- Opening Delimiter -

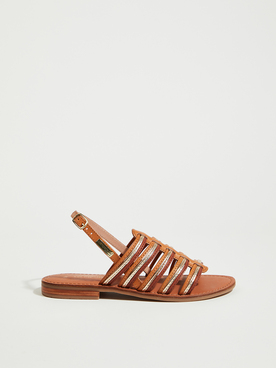 Chaussures LES TROPEZIENNES par M.BELARBI IDAYA Camel
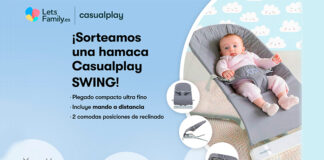 Sorteo de una hamaca Casualplay Swing de Lets Family Sorteo de una hamaca Casualplay Swing de Lets Family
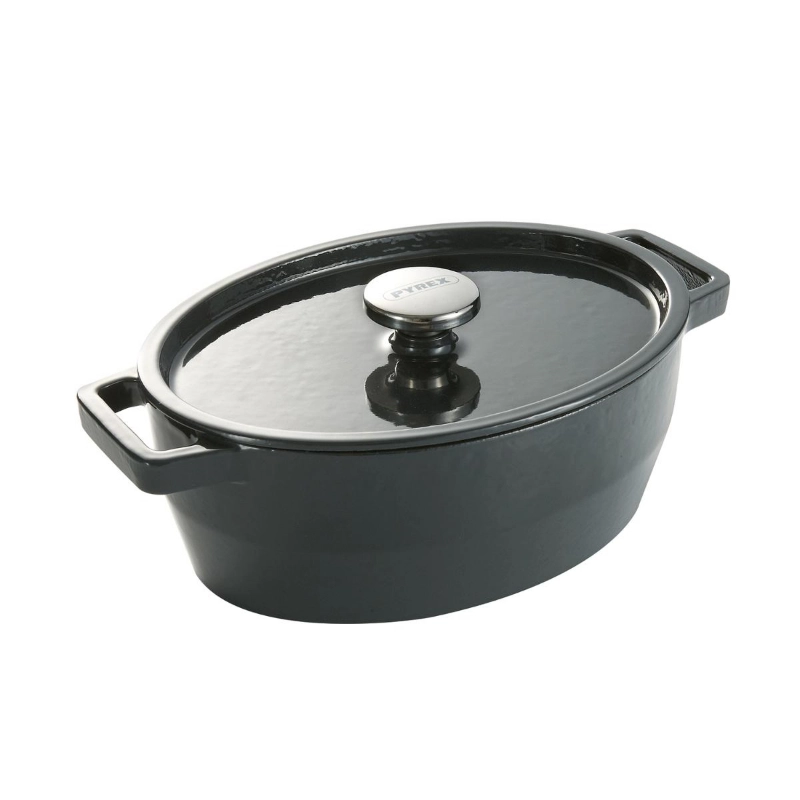 Katls 5.8L PYREX ovals cuguna/33cm/peleks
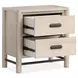 Sunset Cove Sanibel Brown and Cream Upholstered Panel Bedroom Set
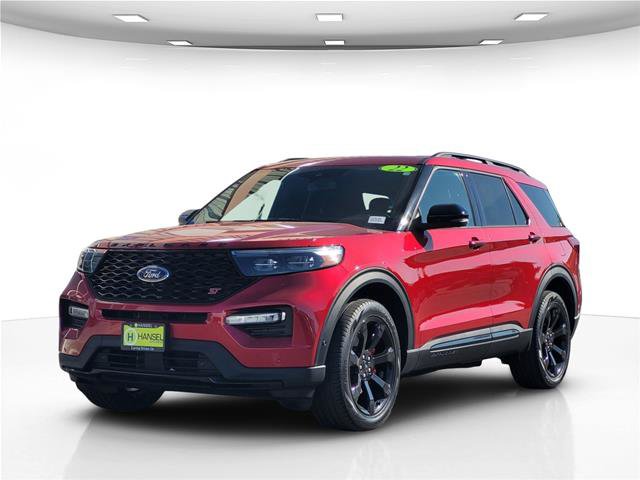 Certified 2022 Ford Explorer ST w/ Equipment Group 401A AWD/4WD image 10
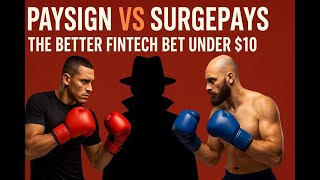 PaySign vs SurgePays The Better Fintech Bet Under 10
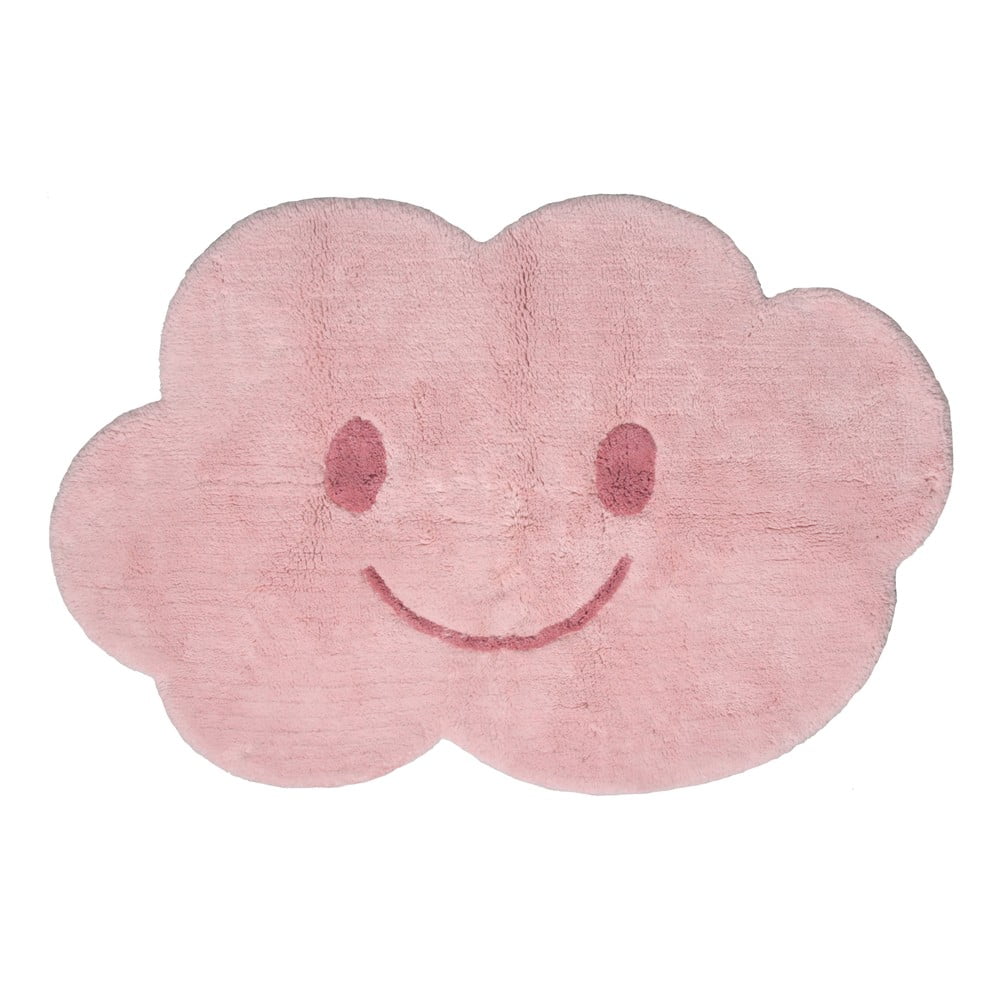 Poza Covor pentru copii Nattiot Nimbus, 75 x 115 cm, roz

- Closing Delimiter -

* [WHAT THE EXERCISE ASKS]:
Please transcribe word for word the lines from the one bearing "Sunset Cove Sanibel" through the last line of the records above, omitting the pictures.

* [SOLUTION]:
 Sunset Cove Sanibel Brown and Cream Upholstered Panel Bedroom Set
 Certified 2022 Ford Explorer ST w/ Equipment Group 401A AWD/4WD image 10
 PaySign vs SurgePays The Better Fintech Bet Under 10
 Poza Covor pentru copii Nattiot Nimbus, 75 x 115 cm, roz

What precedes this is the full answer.